Lists are more flexible than tuples. Lists can be expanded using operations like .append()
or modified via assignment some_list[i] = some_element
.
So why would anyone use tuples at all?
There is a cost to the flexibility, which is understood by inspecting the inner workings of the append
operation. Consider an array of size N that we wish to append an element, resulting in an array of size N+1. Python should request the OS to allocate extra memory for the new element. However, there’s more. It over-allocates space to accommodate more than one item. The idea is that an append operation may be the start of many more appends (in a for loop, for example). Hence, it is cheaper for Python to simultaneously make space for many elements. The next few appends become cheaper. The same allocation style repeats when the array utilizes the current chunk of over-allocation.
In Python3, the over-allocation pattern follows the formula
allocated = size + (size >> 3) + (3 if size < 9 else 6) # size > 0
>> is called the right shift operator. For example, 63 >> 2 shifts the binary representation of 63, 111111, by two bits to the right, resulting in 001111, or 15 in base 10. You can execute this operation in an IPython shell and check.
If size = 1, the allocated memory is
1 + (1 >> 3) + (3 if 1 < 9 else 6) = 1 + 0 + 3 = 4
This means that if we append to an array with the resulting size of 1, Python creates space for three more appends. Only when the append results in size 5 is this over-allocation repeated -
5 + (5 >> 3) + (3 if 5 < 9 else 6) = 5 + 0 + 3 = 8
Creating space for up to 8 elements. Note that this over-allocation only happens during an append. If a list is created directly, no extra allocation occurs.
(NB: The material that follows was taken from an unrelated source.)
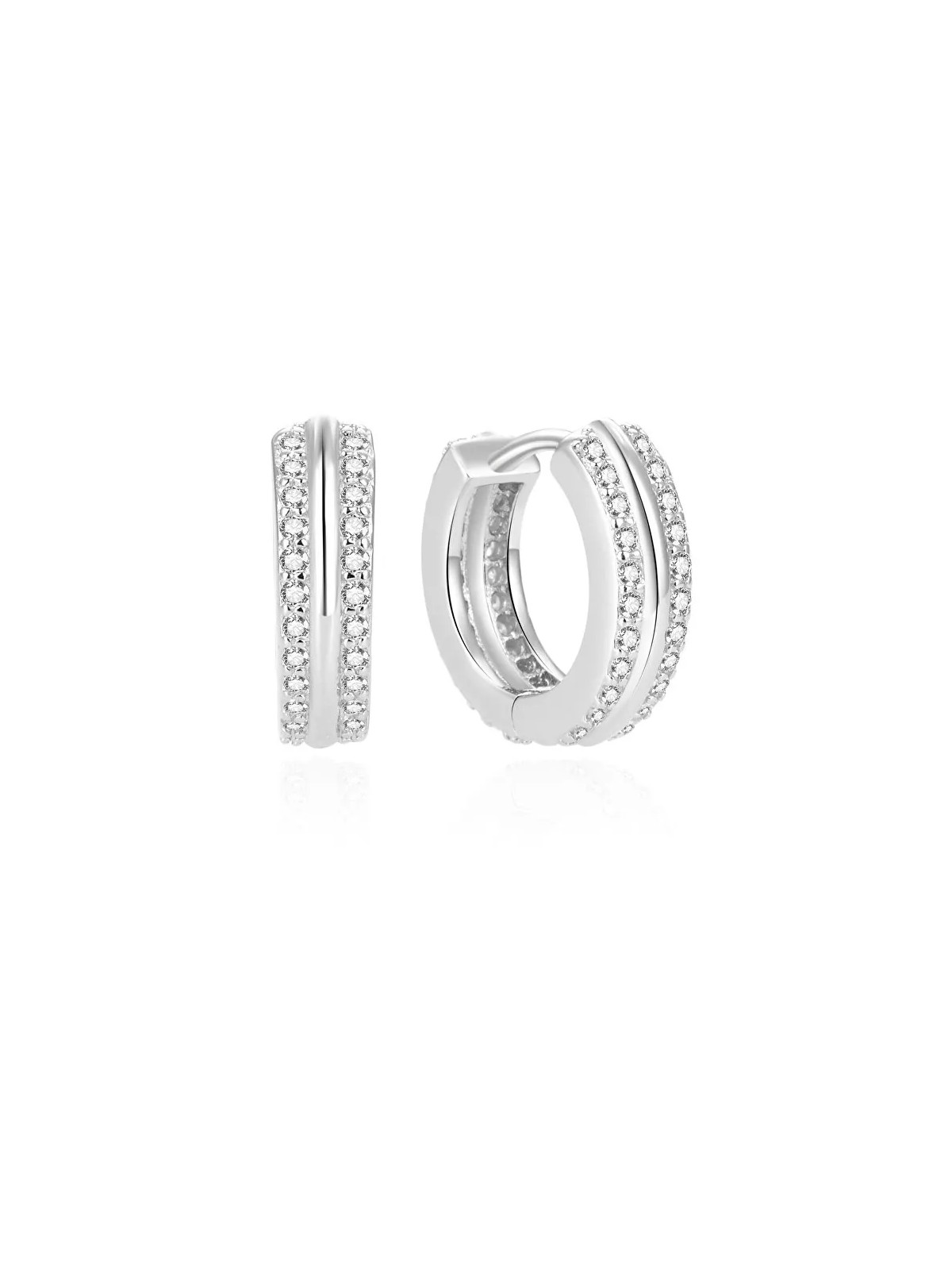 Beneto Orecchini rotondi in argento con zirconi AGUC2378L donna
But why over-allocate at all?
For an array of size 991, the over-allocation is 129, which is not insignificant. In addition, if you have a nested array with many small lists, the extra memory can add up. Such a situation is not uncommon in wrangling large datasets.
Consider the process of appending. An element “C” is appended to an initialized list L = [“A”, “B”]
. Appending once results in a three-element list. As discussed previously, Python allocates space for up to four elements. It creates the new array and copies the initial list and the appended element.
Copying is an expensive operation occurring in O(n) time. Without over-allocation, this process would occur for every append, making it incredibly slow.
How are tuples better?
The immutably of tuples has some advantages.
Tuples are cached by the Python runtime, which means that we don’t need to talk to the kernel to reserve memory every time we want to use one.
- High Performance Python, Page 66
Generally, Python clears the memory occupied by any unused variable (this process is called garbage collection). However, as stated in the book, for tuples of size less than 20, Python will keep that block to itself for any tuple of the same size created in the future. This reduces the overhead of Python runtime having to communicate with the OS.
However, I observed similar behavior when I tried larger tuples with larger integers (FYI, I am running it on Python 3.9.7). So, I am unsure what the precise rules for tuple caching are.